Letters from a Pastor to His People- February 17, 2019

Dear Parishioners,

The Beatitudes.  We're all familiar with these.  They come from Christ's Sermon on the Mount (or, in Luke's Gospel, the 'Sermon on the Plain', for he delivers it "on a stretch of level ground"). 

I find myself throughout periods and seasons of my life appreciating a beatitude in particular more than others.  Not that I don't appreciate the others; more than one beatitude just happens to resonate with me because of my life and spiritual circumstances.  Maybe that is the case with you?  Maybe something for you to at least pray about, if not?

“Blessed are you who are poor" is the beatitude that resonates with me right now.  I've preached on poverty before.  This doesn't have to mean material poverty.  Christ isn't necessarily calling us to give away all our money and drain our retirement funds.  He is calling us to spiritual poverty, or a dependence on him.   

A poor person depends on others.  He has to beg.  We are called not to self-reliance, but a complete surrender of ourselves to God.  It is blessed to beg Jesus!

10 Feb

Inconveniences Are Good

Dear Parishioners,

This is a beautiful Gospel scene.  There is a lot to unpack, a lot upon which to reflect.  One thing immediately comes to my mind is inconvenience.  Jesus does not mind inconveniencing people. 

First, the crowd.  The crowd is "pressing in on Jesus." They obviously want to be close to Jesus—to hear him more clearly and perhaps even touch him.  Jesus leaves the throng and continues his lessons from a boat in the lake.  'Where are you going, Lord? Don't leave us!'

Second, the fishermen.  They had just finished their long day of labor.  They had secured their boats, were washing their nets, and ready to go home for the day.  They must have thought, when Jesus chose their two boats, "Oh, you've got to be kidding me!" The day's not over yet, fisherman.  They drag back the clean nets, unhinge the boat, and set off into the lake, as if it was morning already for the next day of work.

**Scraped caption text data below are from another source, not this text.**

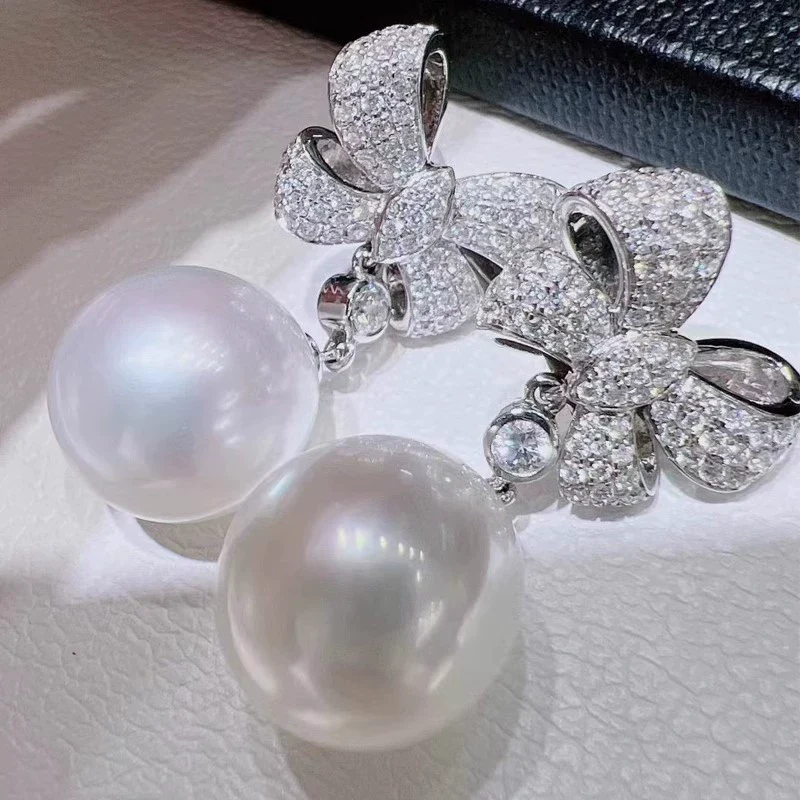 Women's Princess Style Imitation Pearl Bow Pendant Earrings Copper Geometric Pattern Jewelry - Image 3
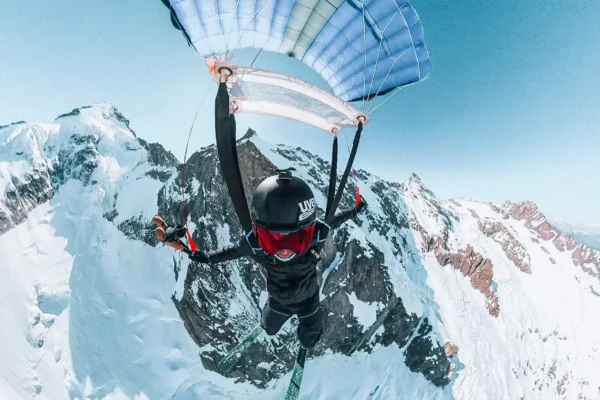 Christophe Tricou ski basejump Aiguille de l'Amône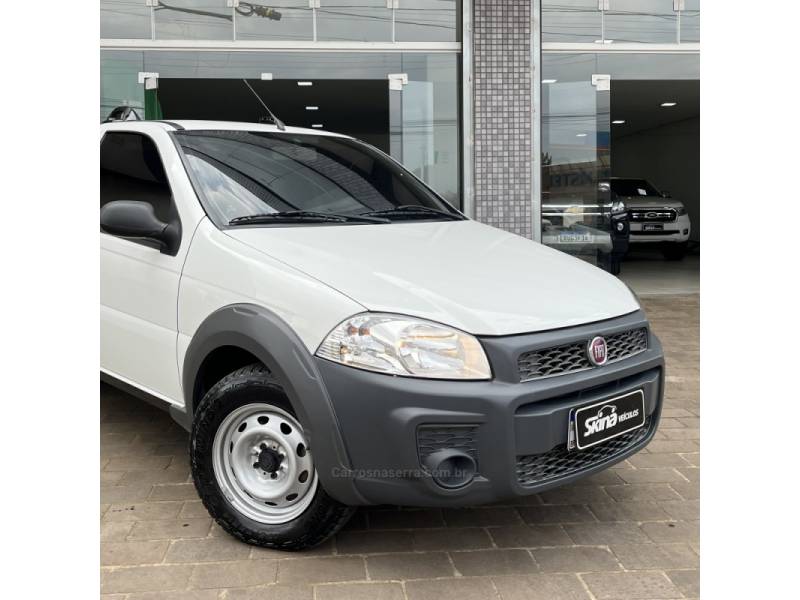 FIAT - STRADA - 2017/2017 - Branca - R$ 63.000,00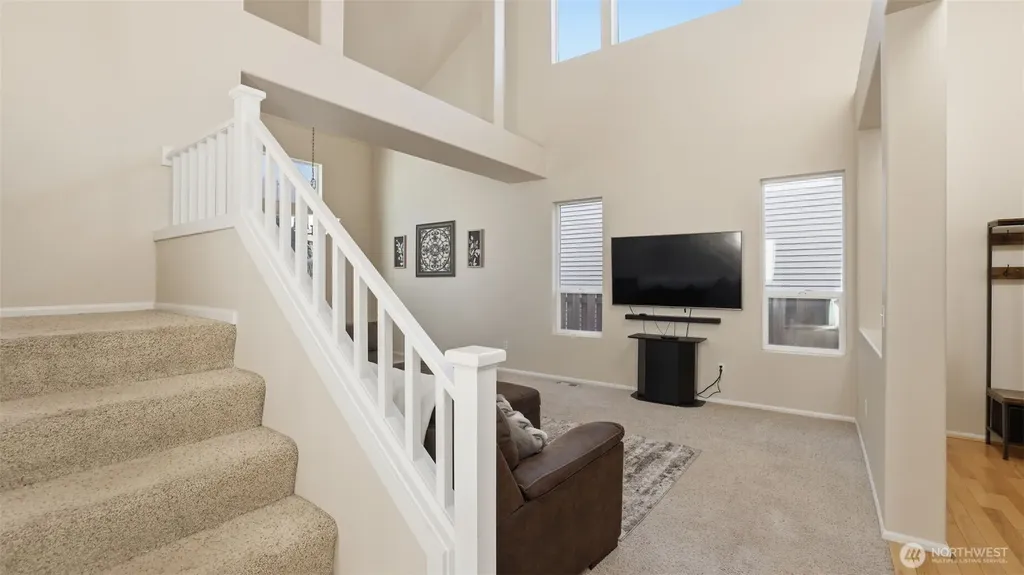 6114 Montevista Drive SE Auburn WA 98092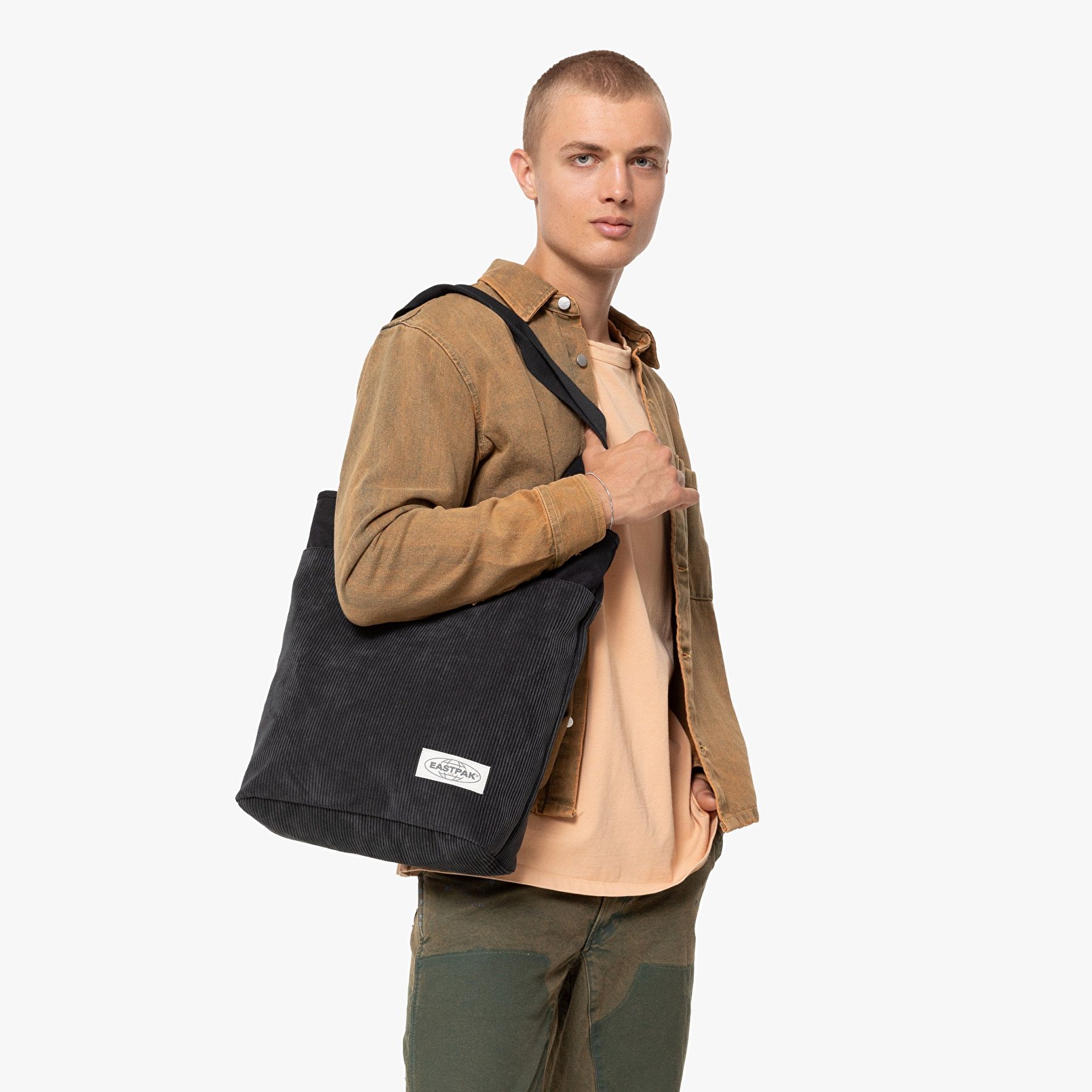 Eastpak SHOPP'R TOTE CORDFUNK BLACK OMUZ ÇANTASI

Third, the fishermen, part 2.  Not only are the workers back out on the lake when they thought they were finished for the day, they are now instructed to throw the nets back in to resume their fishing.  Not only was this laborious, it was emotionally draining.  They were already demoralized, having caught nothing for the day.  Being told to try fishing again must have been hard to swallow.  It's like a father insisting to his boy to continue hitting the golf ball when he just can't get it right.  'Can't we just try again another day?' No!

10 Feb

Three Stairways to Christ

The Brooklyn Bridge, completed in 1883 and designed by John Roebling, is a cable-suspension bridge.  There are two towers connected by horizontal cables.  The cable lines run to the land, ending at an anchorage. Emanating down from the horizontal cables are vertical cables that hold up the deck bridge.  Weight transfers from the cables to the towers, which is then transferred down to the ground.  In the building of the Brooklyn Bridge, two large pine boxes, called caissons, were floated down the East River.  When the limestone towers began to be constructed on top of the caissons, they sank until they reached the bottom of the river.  Workers were able to enter into these boxes to dig into the bedrock to allow the caissons to sink even further and form a solid foundation.  They were then filled with brick and concrete.  Everything rests, essentially, on these two pillars.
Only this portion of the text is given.